[[ SUPPLIED INFORMATION open ]]
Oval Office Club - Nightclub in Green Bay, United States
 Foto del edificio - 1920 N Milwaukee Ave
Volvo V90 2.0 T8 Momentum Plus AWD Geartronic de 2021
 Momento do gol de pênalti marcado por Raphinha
[[ SUPPLIED INFORMATION closed ]]
**EXERCISE GOAL**
Retype the whole listing without changing anything.

**REPLY TO THE TASK**
Oval Office Club - Nightclub in Green Bay, United States
 Foto del edificio - 1920 N Milwaukee Ave
Volvo V90 2.0 T8 Momentum Plus AWD Geartronic de 2021
 Momento do gol de pênalti marcado por Raphinha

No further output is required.